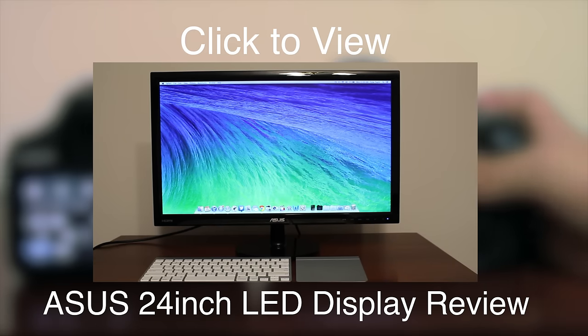Thank you guys for watching this video. If you enjoyed it, make sure to subscribe to my channel for more videos like this, and I'll catch you guys in the next video. Bye.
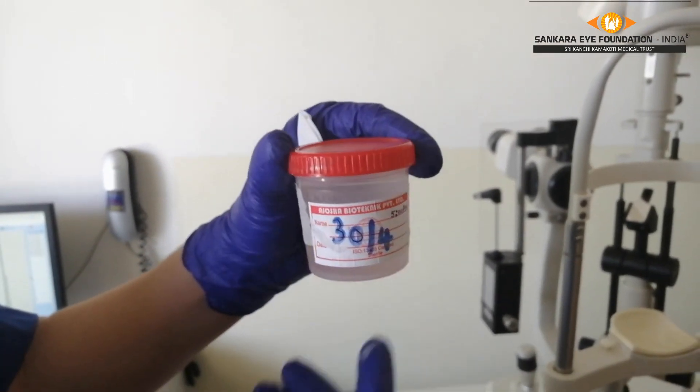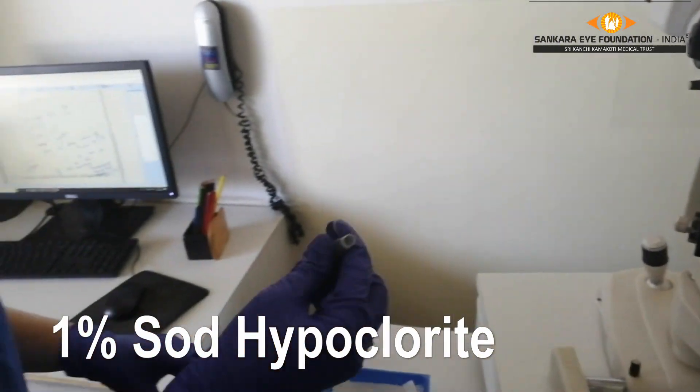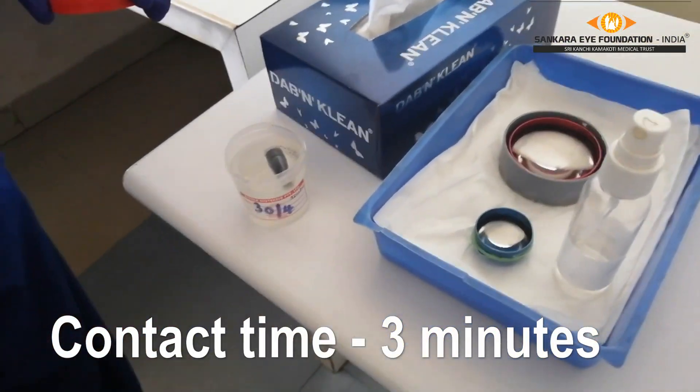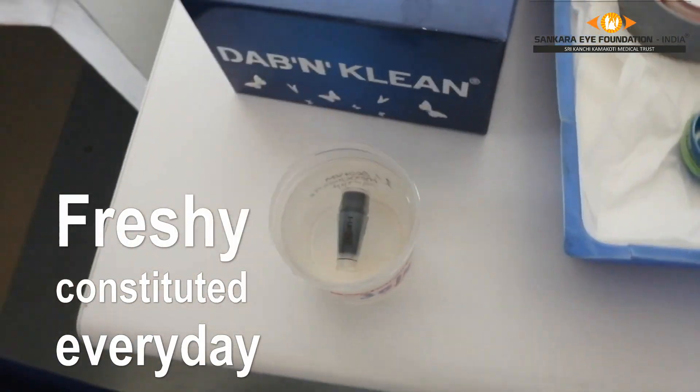Finally, after the Goldmann applanation tonometer use is finished for the day, it is put in a 1% sodium hypochlorite solution for a contact time of 3 minutes. This solution of sodium hypochlorite has to be replaced every day, as its effectivity lasts for 24 hours.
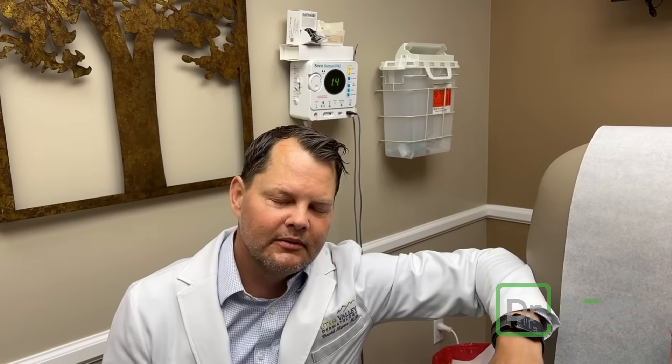Hey, good morning, it's Dr. Myers, Dr. Derm, and I'm here with my friend. We took a couple of blackheads out last year, we've got a couple more, and we're going to take them out. Let's do it.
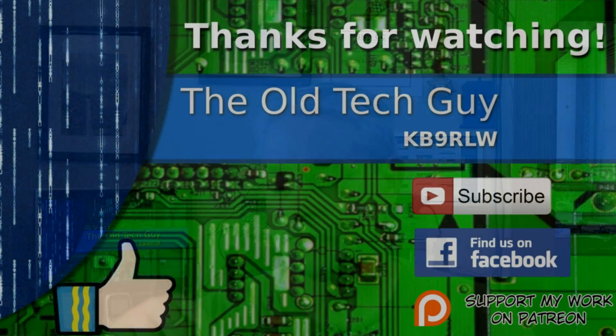I hope you found that helpful. 73, thanks for watching. If you enjoyed the video, don't forget to give it a thumbs up. If you're not already a subscriber, click to subscribe. Join us on the Facebook channel for discussion about the videos. And if you'd like to help support this channel, please click to support me on my Patreon page.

* GOAL OF THE EXERCISE:
Write the listing out exactly, word for word, but omit the pictures.

* ANSWER BOX:
Thank you guys for watching this video. If you enjoyed it, make sure to subscribe to my channel for more videos like this, and I'll catch you guys in the next video. Bye.
Finally, after the Goldmann applanation tonometer use is finished for the day, it is put in a 1% sodium hypochlorite solution for a contact time of 3 minutes. This solution of sodium hypochlorite has to be replaced every day, as its effectivity lasts for 24 hours.
Hey, good morning, it's Dr. Myers, Dr. Derm, and I'm here with my friend. We took a couple of blackheads out last year, we've got a couple more, and we're going to take them out. Let's do it.
I hope you found that helpful. 73, thanks for watching. If you enjoyed the video, don't forget to give it a thumbs up. If you're not already a subscriber, click to subscribe. Join us on the Facebook channel for discussion about the videos. And if you'd like to help support this channel, please click to support me on my Patreon page.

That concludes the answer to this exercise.